Operation Clambake (1999) " Scientology and Totalitarianism" by Laura Kay Fuller
Using Hannah Arendt's writings on totalitarianism as a basis, I will focus on how different aspects of Scientology reveal similar ideological components to totalitarianism. I will look at several themes including the construction of history, leadership and language, showing how each contributes to the framework of a totalitarian ideology. The latter half of the paper discusses the role of technology within Scientology and how this relates to Arendt's visions of totalitarianism. Finally, I will focus on ideology itself, giving numerous examples of how Scientology functions to build a state of terror, while aiming for world domination.
Marburg Journal of Religion (July 1999) " Scientology — Is this a Religion?" by Stephen A. Kent
The most salient aspect of Scientology, however, is the totalitarian, some would say fascistic, use of power that holds the organization together. I will speak about some of these totalitarian uses of power, and in doing so it will be very clear that the German government took the only appropriate avenue open to it. [...]
L. Ron Hubbard, "BATTLE TACTICS", HCOPL of 16 February 1987
We must ourselves fight on the basis of total attrition of the enemy. So never get reasonable about him. Just go all the way in and obliterate him. [...]

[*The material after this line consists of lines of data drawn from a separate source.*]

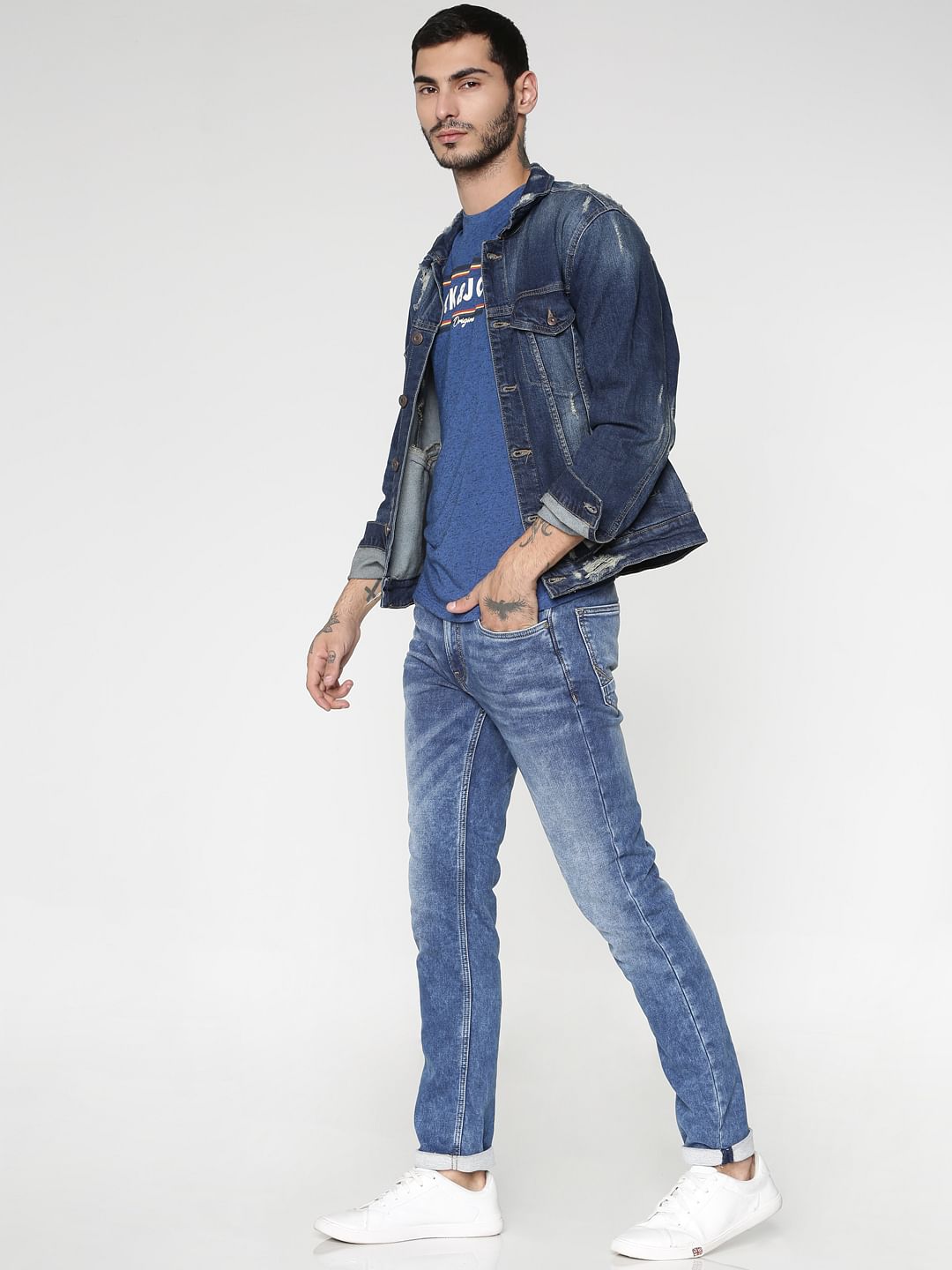 Slim Fit Jeans Buy Men Blue Washed Ben Slim Fit Jeans Online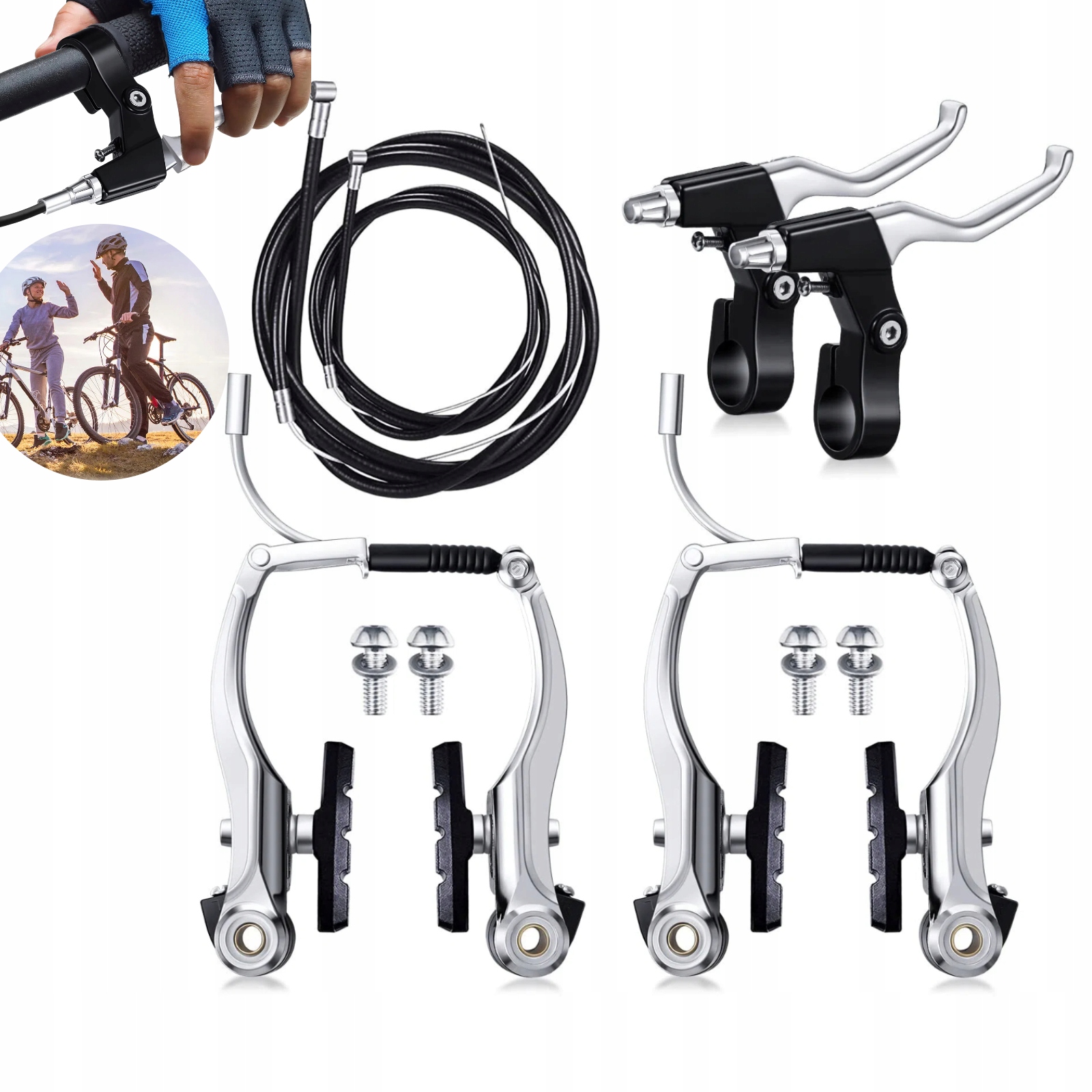 ZESTAW HAMULCÓW ROWEROWYCH PRZÓD TYŁ LINKI HAMULCOWE V-BRAKE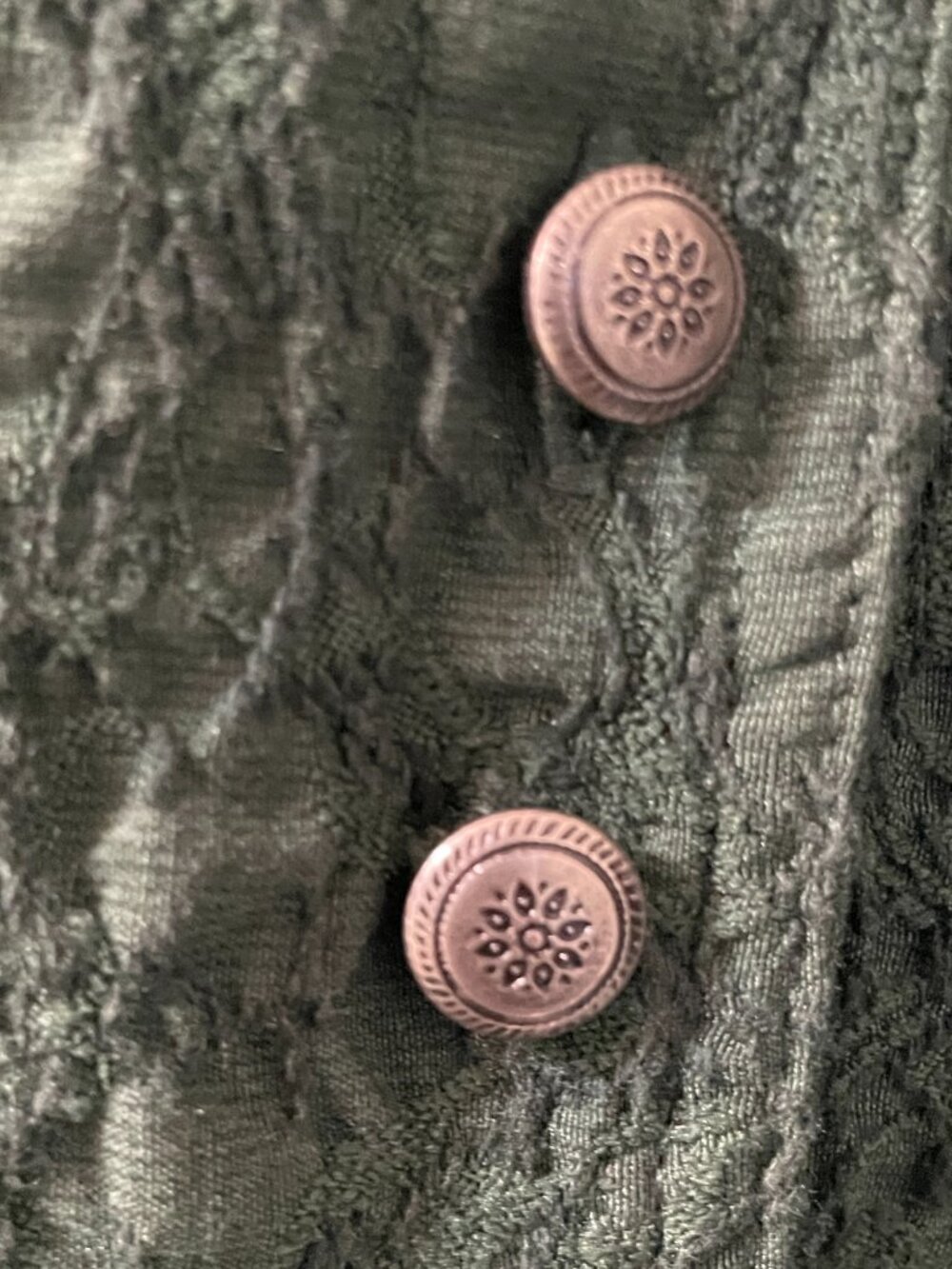 Acorn Cropped Button Front Jacket Women's M Forrest Green Cotton Blend - Picture 5 of 7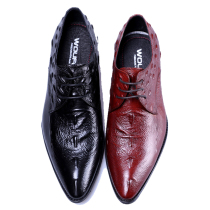 High-grade crocodile pattern pointed-toe shoes mens high-end wine red leather business formal dress lacing large size small 45 British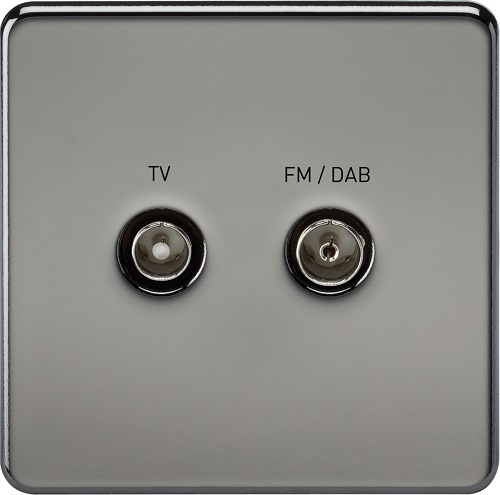 Screwless Screened Diplex Outlet (TV & FM DAB) - Black Nickel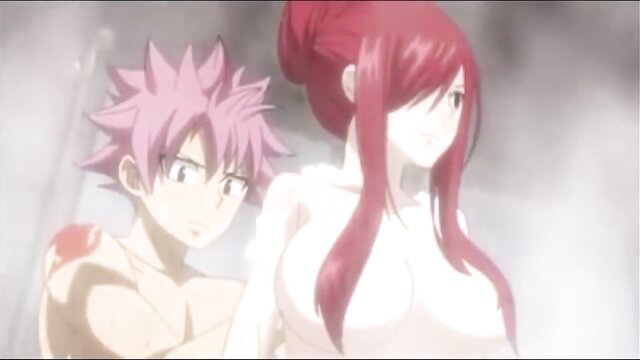Natsu and nude Erza Scarlet hentai couple embrace, big tits exposed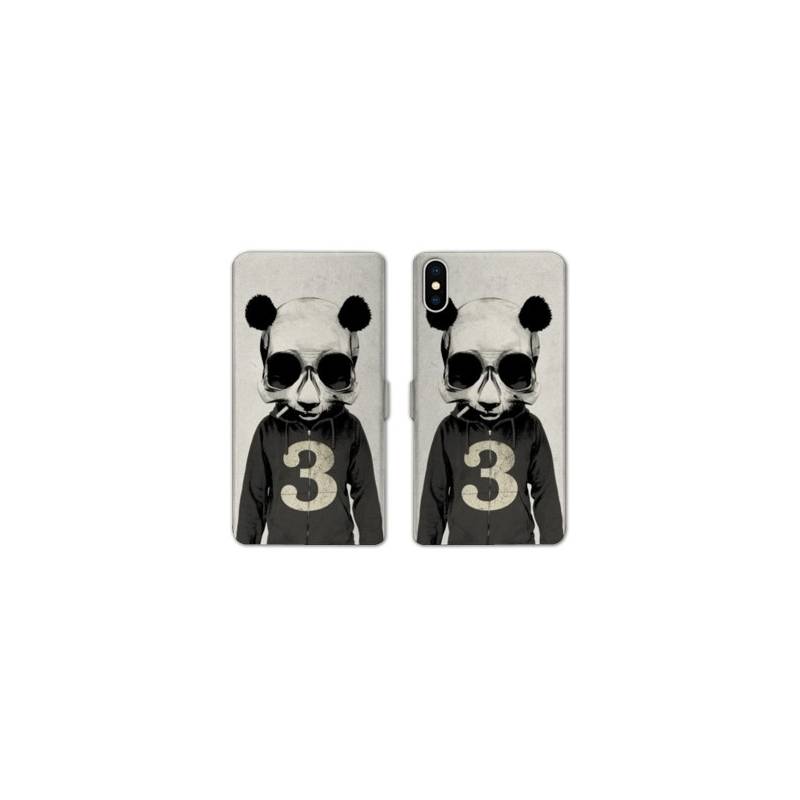 Housse cuir portefeuille Samsung Galaxy A10 Decale Panda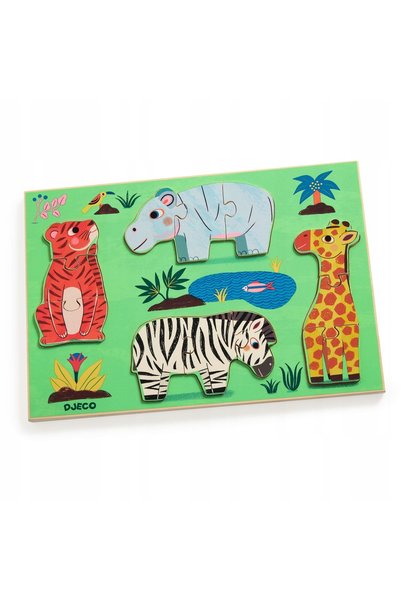 djeco Puzzle din lemn cu animale de safari, 3 piese
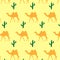 Seamless pattern with camels, dunes and cacti. Cute illustration of an animal in the desert
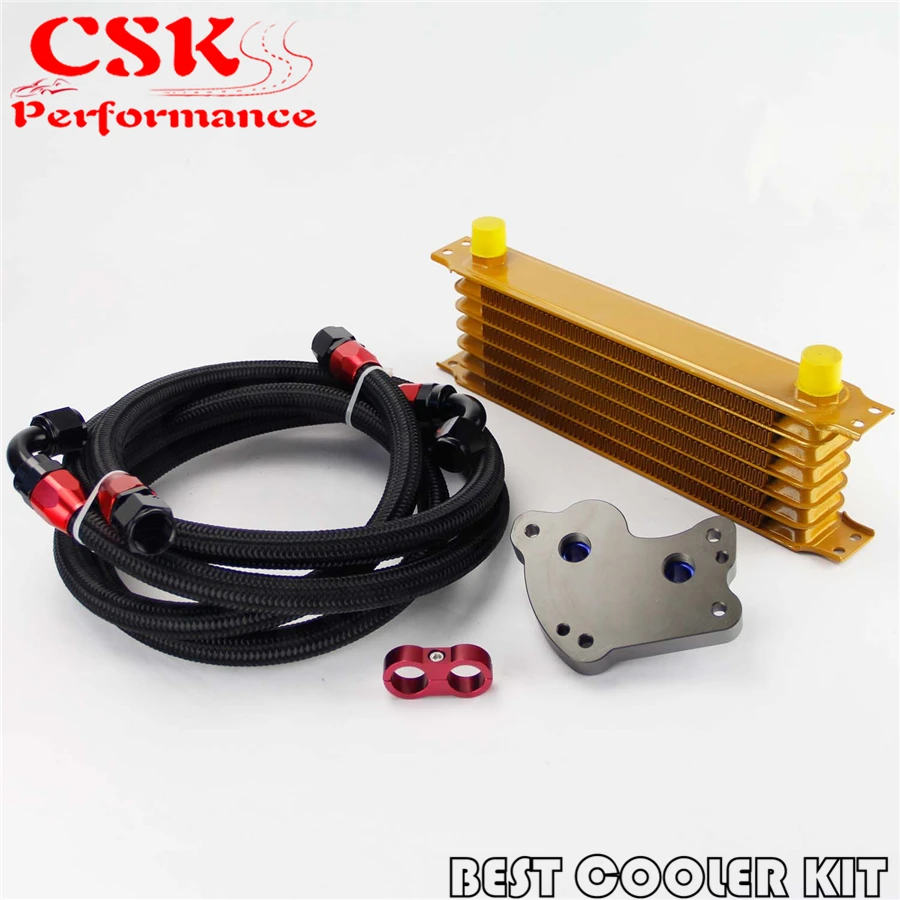 Комплект масляного радиатора AN10 7 рядов подходит для BMW Mini Cooper S R53 Supercharger Gold|oil cooler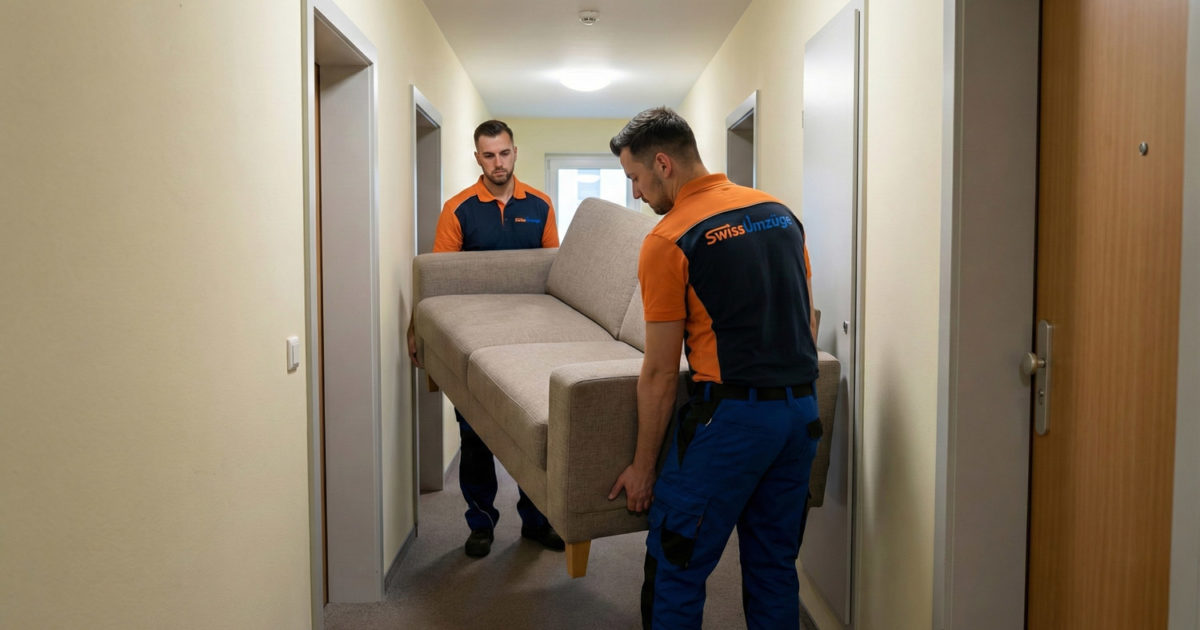 Zwei professionelle Möbelpacker von Swiss Umzüge manövrieren ein Sofa geschickt durch einen engen Flur.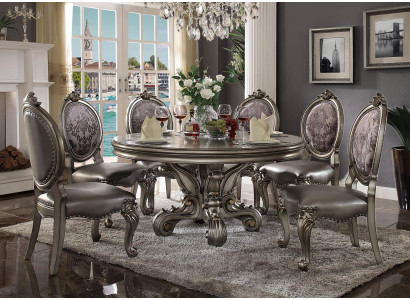 Design Round Table 6x Chairs Dining Room Seat Round Upholstery Tables Suite
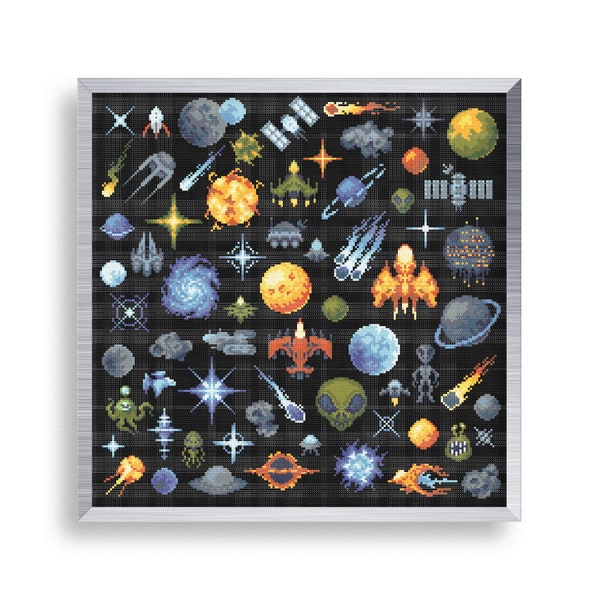 65 Tiny Cross Stitch Space Elements , Mini Cross Stitch Planets , Small Falling Stars Easy Embrodiery , Simple Satellite Si-Fi Pattern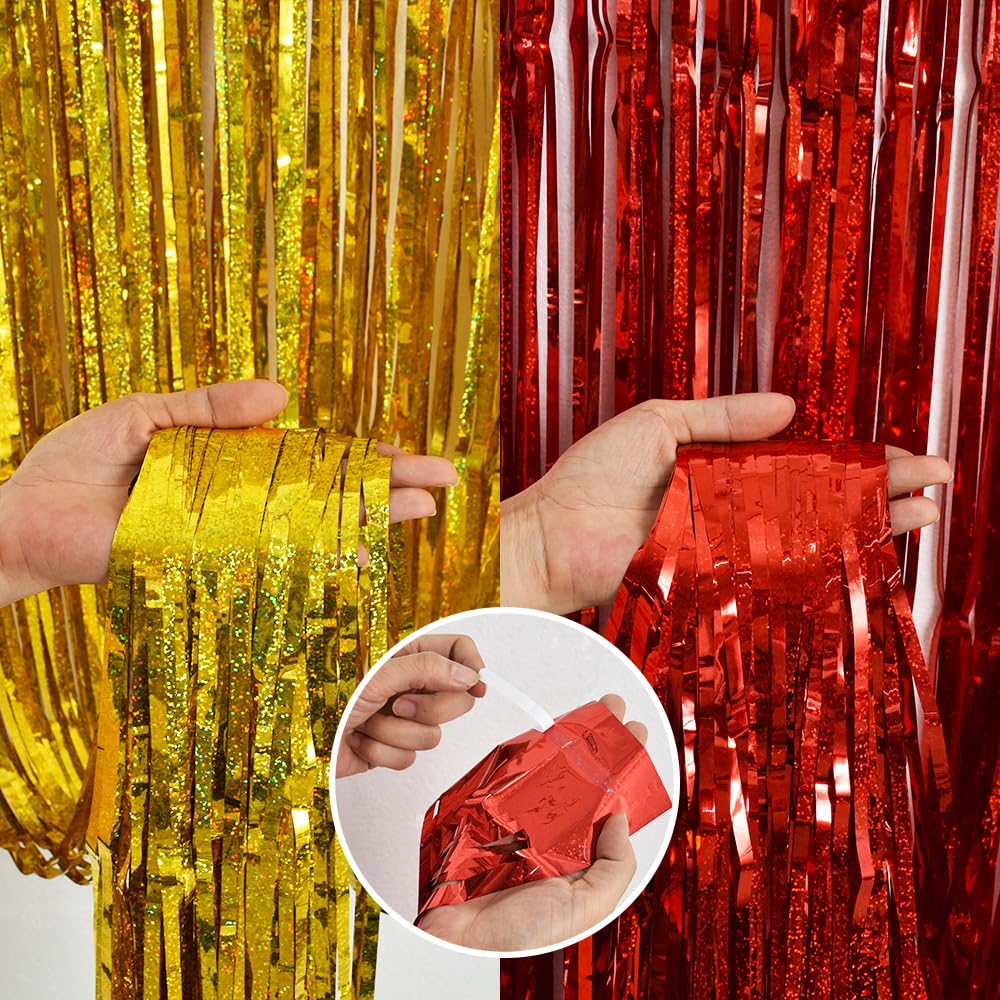 Beishida 4 Pcs Red And Gold Party Streamers Fringe Foil Curtain Backdrop Tinsel Background Party Decoration For Door Wall Gradua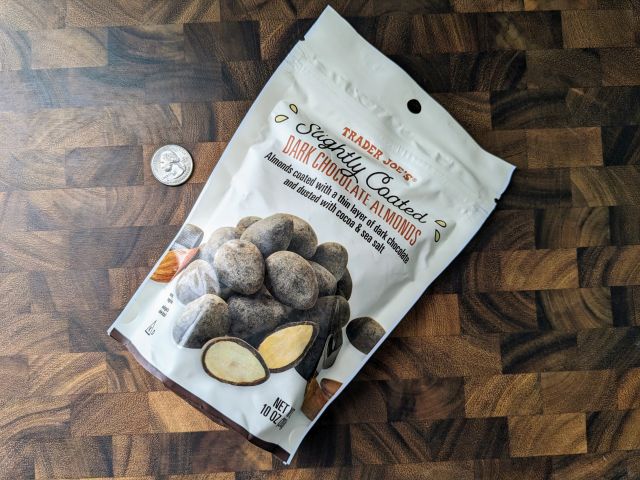 Trader Joe's Slightly Coated Dark Chocolate Almonds bag
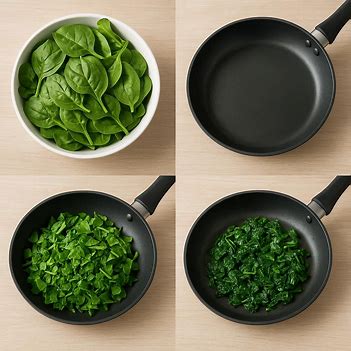 Pans-with-chopped-spinach.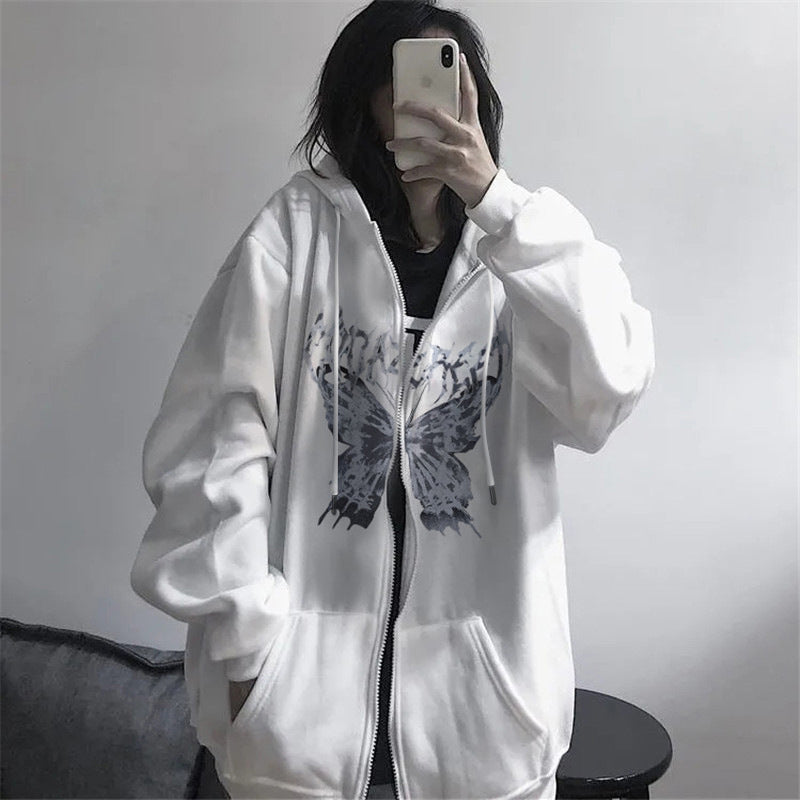 A hooded, zipped cardigan and sweatshirt for women in autumn and winter. A loose, thick and versatile mid-length trendy coat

One cuts off enemy communications, funds, connections. He deprives the enemy of political advantages, connections and power. He takes over enemy territory. He raids and harasses. All on a thought plane - press, public opinion, governments, etc. [...]

Clearwater Sun (1979) "Scientologists' goal: world takeover" by Richard Leiby
The Clearwater branch of the Church of Scientology actively participated in a master plan of founder L. Ron Hubbard apparently aimed at taking over the world, internal cult documents reveal. In Clearwater, the plan centered on removing from office political and media figures considered "enemies" of the cult: former mayor Gabriel Cazares, Pinellas Pasco State Attorney James Russell, Clearwater Sun Editor Ron Stuart, and local broadcaster Bob Snyder.

But on a grander scale, Hubbard's scheme was to "obliterate"' and otherwise take control of countless national and worldwide government and private, agencies he perceived as foes, the documents show.

L. Ron Hubbard, "DEPT OF GOVT AFFAIRS", HCOPL of 15 August 1960
The goal of the Department is to bring the government and hostile philosophies or societies into a state of complete compliance with the goals of Scientology. This is done by high level ability to control and in its absence by low level ability to overwhelm. Introvert such agencies. Control such agencies. Scientology is the only game on Earth where everybody wins.
L. Ron Hubbard, "SCIENCE OF SURVIVAL", p. 170
There are only two answers for the handling of people from 2.0 down on the Tone Scale, neither one of which has anything to do with reasoning with them or listening to their justification of their acts. The first is to raise them on the Tone Scale by un-enturbulating some of their theta by any one of the three valid processes. The other is to dispose of them quietly and without sorrow. [...]

The sudden and abrupt deletion of all individuals occupying the lower bands of the Tone Scale from the social order would result in an almost instant rise in the cultural tone and would interrupt the dwindling spiral into which any society may have entered.